== WHAT THE TASK ASKS ==
Without the pictures, retype each line below exactly as it stands.

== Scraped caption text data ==
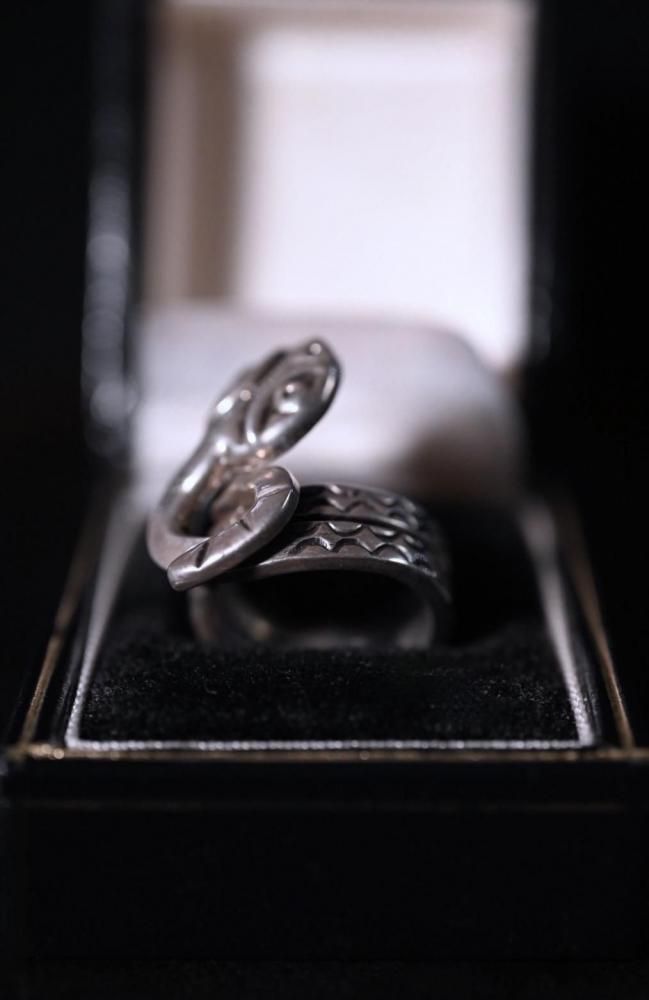 Vintage silver snake ring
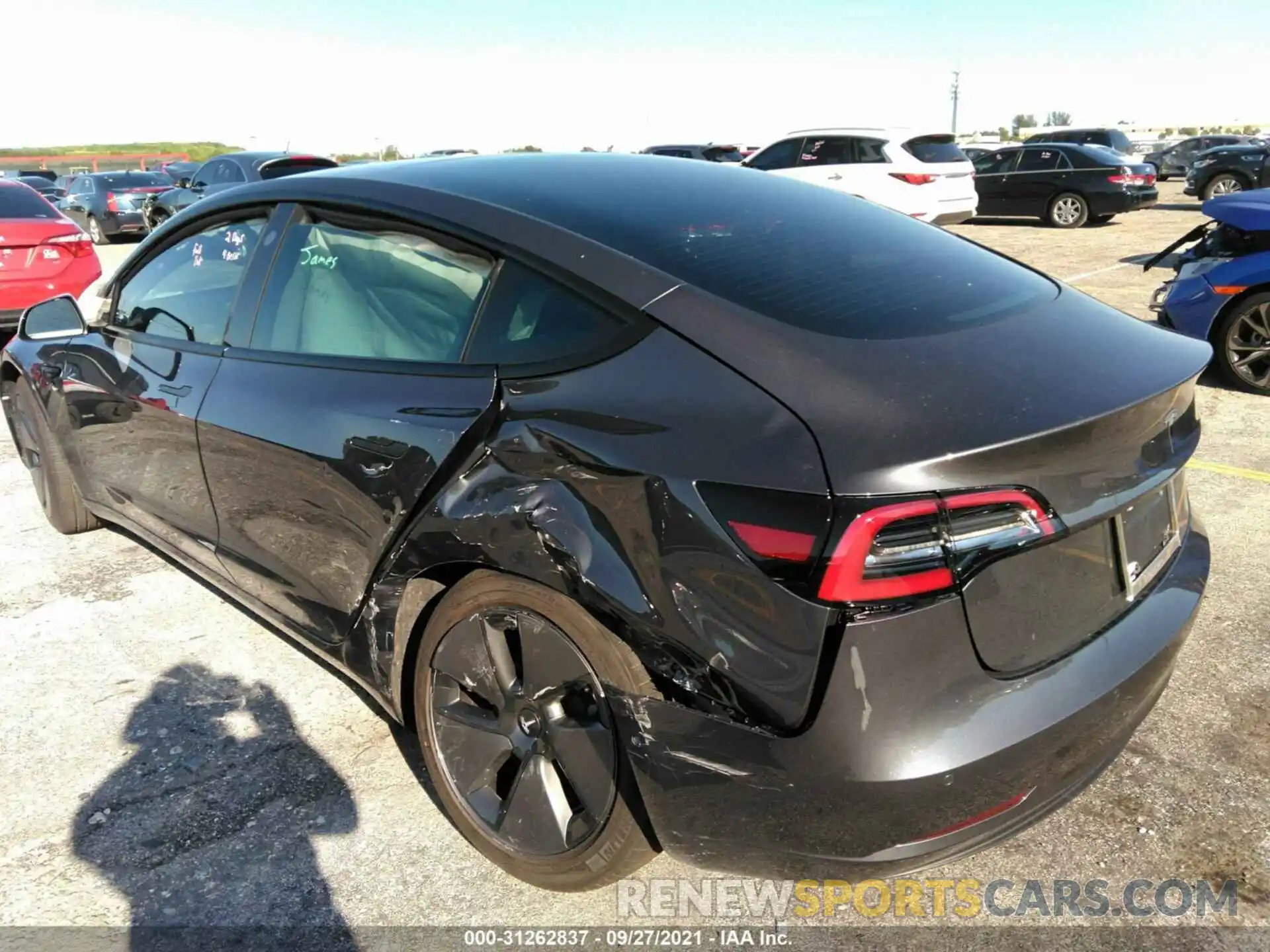 3 Photograph of a damaged car 5YJ3E1EA8MF030456 TESLA MODEL 3 2021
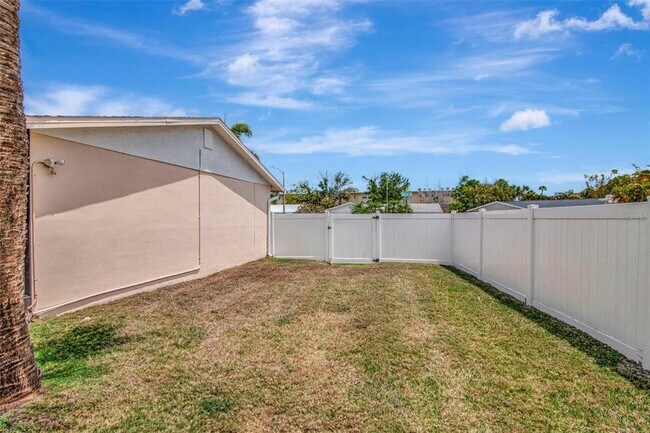 Building Photo - 4712 114th St N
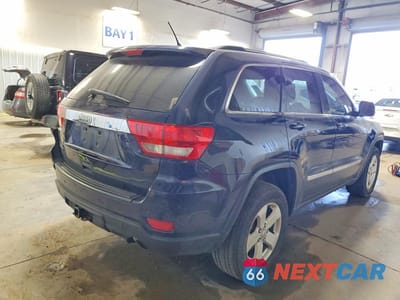Trzecie zdjęcie samochodu z tyłu: 2013 JEEP GRAND CHEROKEE LAREDO VIN:1C4RJFAG0DC560737 - miniatura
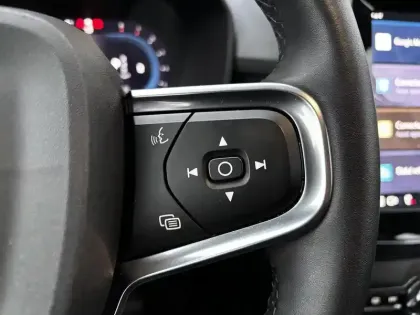 Photo 18 Volvo Xc40  B3 163 ch DCT7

== WRITTEN ANSWER ==
 Vintage silver snake ring
 3 Photograph of a damaged car 5YJ3E1EA8MF030456 TESLA MODEL 3 2021
 Building Photo - 4712 114th St N
Trzecie zdjęcie samochodu z tyłu: 2013 JEEP GRAND CHEROKEE LAREDO VIN:1C4RJFAG0DC560737 - miniatura
 Photo 18 Volvo Xc40  B3 163 ch DCT7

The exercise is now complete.